■ Exercise directions: Transcribe the data exactly. Pictures stay out.

■ Recorded information:
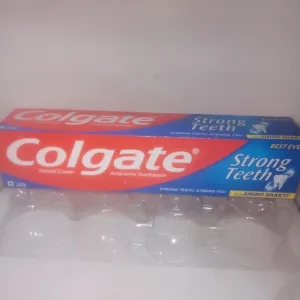 Colgate Strong teeth 200g 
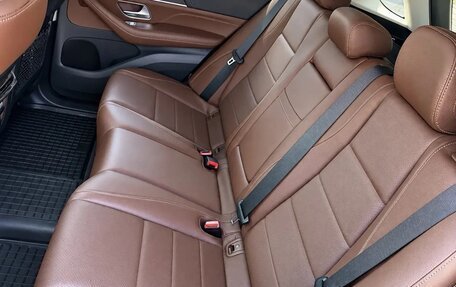Mercedes-Benz GLE, 2024 год, 12 500 000 рублей, 10 фотография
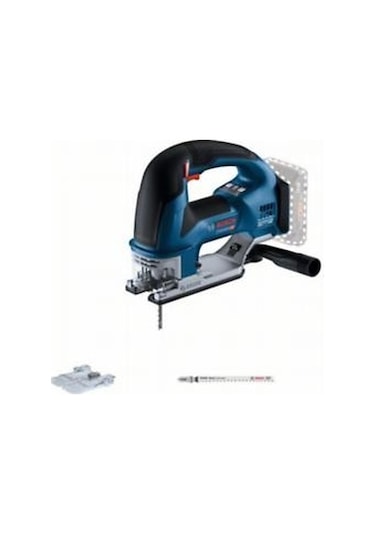 Bosch Professional GST 18V-155 BC Akülü Dekupaj Testere (Akü & Şarj Hariç) - 06015B1001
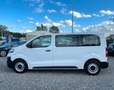 Opel Vivaro VIVARO-9SITZE-NAVI-DAB-PDC-TEMPOMAT-KLIMA Weiß - thumbnail 2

■ Exercise result:
 Colgate Strong teeth 200g 
Mercedes-Benz GLE, 2024 год, 12 500 000 рублей, 10 фотография
 Bosch Professional GST 18V-155 BC Akülü Dekupaj Testere (Akü & Şarj Hariç) - 06015B1001
 Opel Vivaro VIVARO-9SITZE-NAVI-DAB-PDC-TEMPOMAT-KLIMA Weiß - thumbnail 2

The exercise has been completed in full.